GAME IN A NUTSHELL: You never know what kind of ballgame you might see on a random Monday night in May. The 24,505 who came to Nationals Park tonight — or, at least, those who made it all the way to the end — were treated to one of the best-played, back-and-forth, dramatic, random Monday night games in May they'll ever see.

The Reds pushed across two runs against Stephen Strasburg, who was hurt by a couple of uncharacteristic hit-by-pitches but battled through some tough situations and notched some big outs. Mike Leake, meanwhile, carried a shutout into the seventh inning until Nate McLouth and Denard Span combined to bring home the Nationals' first run of the night and cut the deficit to 2-1.

The Reds have had the NL's worst bullpen this season, while the Nationals have boasted the majors' most-productive lineup from the seventh inning on, and those reputations held true for most of the night. The Nats scratched out the tying run off the imposing Aroldis Chapman in the bottom of the ninth, thanks to Danny Espinosa's double and subsequent flyballs from Kevin Frandsen and Scott Hairston.

That sent the game to extra innings, where Rafael Soriano escaped a jam in the top of the 10th thanks to a whopper of a play at third base by Anthony Rendon and then a catch at the warning track in left by Frandsen. Drew Storen had to escape a jam of his own in the top of the 11th, striking out Ryan Ludwick with the go-ahead run on third thanks to a beautiful changeup. The Nationals set the stage for a winning rally in the bottom of the 12th, and Wilson Ramos thought he delivered a walk-off single up the middle ... only to be stone-cold robbed by Brandon Phillips. Two innings later, Billy Hamilton robbed Rendon of a game-winning hit with a diving catch in center that left the Nats bench stunned.

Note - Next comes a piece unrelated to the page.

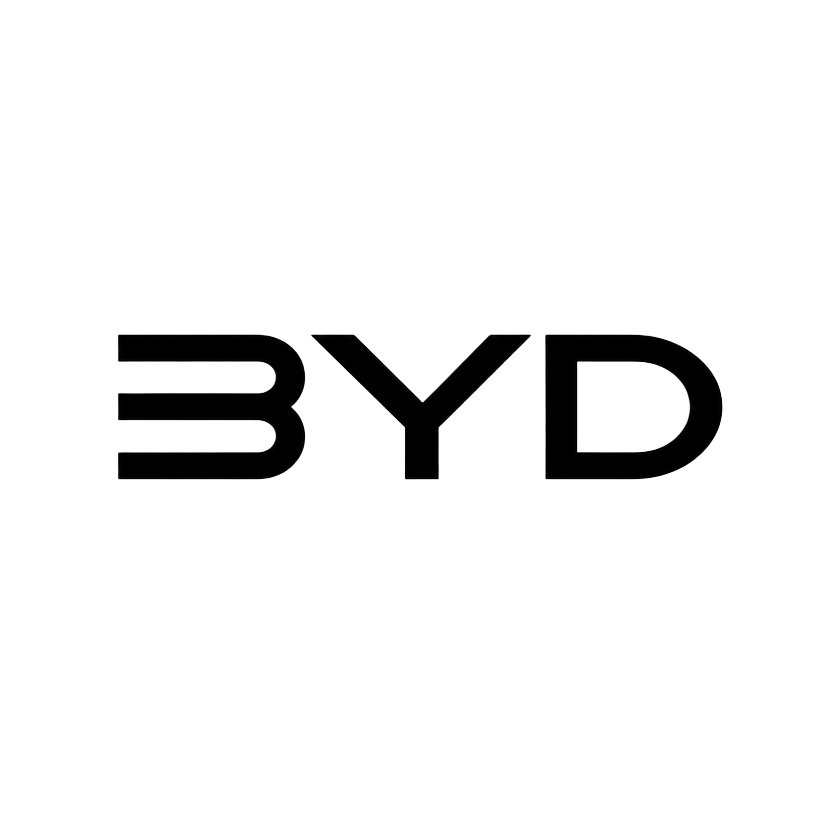BYD logo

Try as they might to keep pitching perfect baseball, the Nationals' relief corps just couldn't hang on forever. Ross Detwiler served up a two-run homer to Todd Frazier in the top of the 15th, snapping a ridiculous, 27 2/3-innings scoreless streak by this bullpen. The Nats managed to score one run in the bottom of the inning but couldn't produce the second run needed to keep this fantastic ballgame for a random Monday night in May going on.

HITTING HIGHLIGHT: It takes something special to take down Chapman in the bottom of the ninth, but the Nationals are perhaps as well-equipped as anyone to do it. Espinosa, Frandsen and Hairston all hit lefties well, and they showed it during their game-tying rally. Espinosa turned on a 99-mph fastball and roped it down the left-field line for a double. Frandsen then sent a 100-mph fastball to deep left-center, advancing Espinosa to third. Hairston finished it off by lofting another 99-mph fastball to deep left field, allowing Espinosa to easily score the run that gave the Nationals new life.

PITCHING HIGHLIGHT: This was an odd outing by Strasburg, though by no means a poor one. The Reds put a man in scoring position in all seven innings he was on the mound, yet only two scored. And each of those reached base when hit by a Strasburg pitch. All things considered, the right-hander did a nice job escaping a whole lot of jams, with Cincinnati going 0-for-6 with runners in scoring position through the game's first three innings. Strasburg also was well aware of Billy Hamilton's baserunning antics and deftly quick-pitched when the speedster tried to steal home in the seventh. Strasburg didn't get the win tonight, but he pitched well enough to earn it.

KEY STAT: With 27 2/3 consecutive scoreless innings before Frazier's homer, the Nationals bullpen briefly held a collective 1.97 ERA, best in the majors.

UP NEXT: Johnny Cueto hasn't been getting a whole lot of attention this year, but he deserves it. The Reds right-hander is 4-2 with a 1.25 ERA and is the first pitcher in modern MLB history to throw at least seven innings and allow five or fewer hits in his first nine starts of a season. So that's quite a challenge for the Nats at 7:05 p.m. Tuesday night. Doug Fister, who was excellent last time out in Arizona, will need to be in top form once again.